Omit the pictures and return exactly the stretch of the material below from the line with "We'll have a" through the line with "The Why Not".

* Extracted material
+--

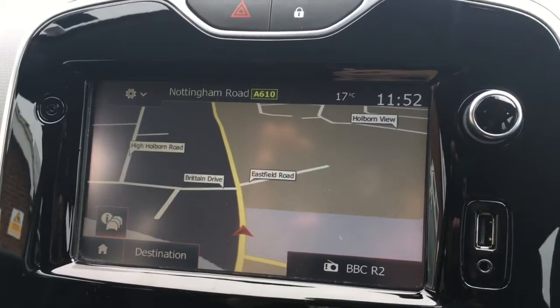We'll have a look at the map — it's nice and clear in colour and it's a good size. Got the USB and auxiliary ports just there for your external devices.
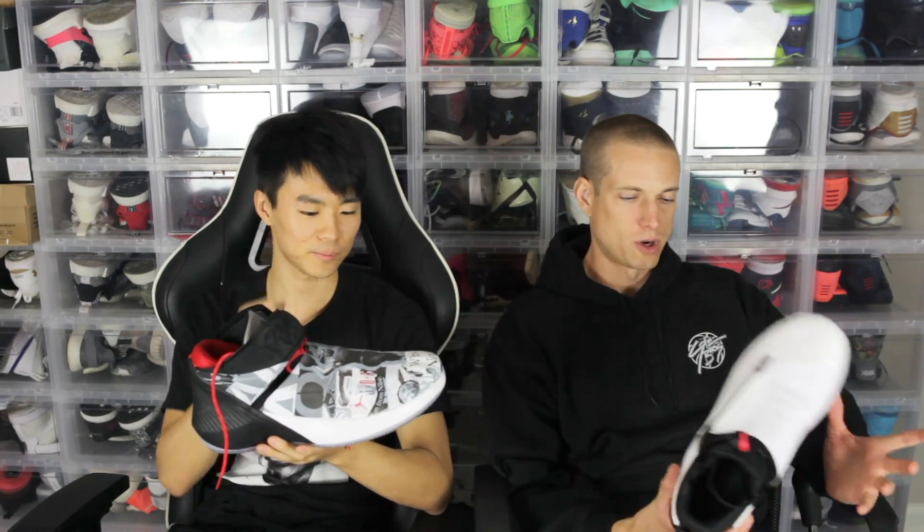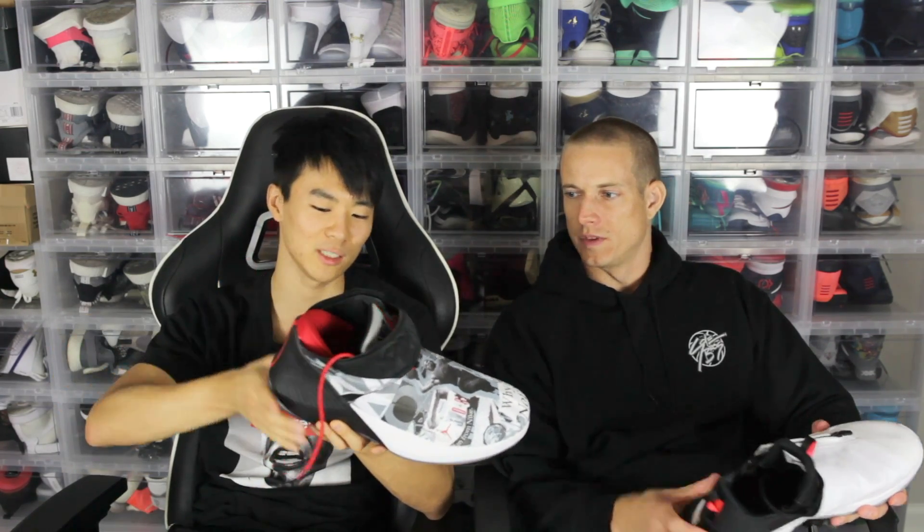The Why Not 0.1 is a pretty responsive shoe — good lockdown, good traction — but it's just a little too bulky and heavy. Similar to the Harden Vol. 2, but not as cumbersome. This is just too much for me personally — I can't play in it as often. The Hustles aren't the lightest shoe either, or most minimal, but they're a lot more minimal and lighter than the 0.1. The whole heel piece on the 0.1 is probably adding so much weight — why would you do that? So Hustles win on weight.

+--

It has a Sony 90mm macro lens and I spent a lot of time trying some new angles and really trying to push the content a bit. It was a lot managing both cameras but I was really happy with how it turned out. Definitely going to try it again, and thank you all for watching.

+--

* Answer for the task
We'll have a look at the map — it's nice and clear in colour and it's a good size. Got the USB and auxiliary ports just there for your external devices.
The Why Not 0.1 is a pretty responsive shoe — good lockdown, good traction — but it's just a little too bulky and heavy. Similar to the Harden Vol. 2, but not as cumbersome. This is just too much for me personally — I can't play in it as often. The Hustles aren't the lightest shoe either, or most minimal, but they're a lot more minimal and lighter than the 0.1. The whole heel piece on the 0.1 is probably adding so much weight — why would you do that? So Hustles win on weight.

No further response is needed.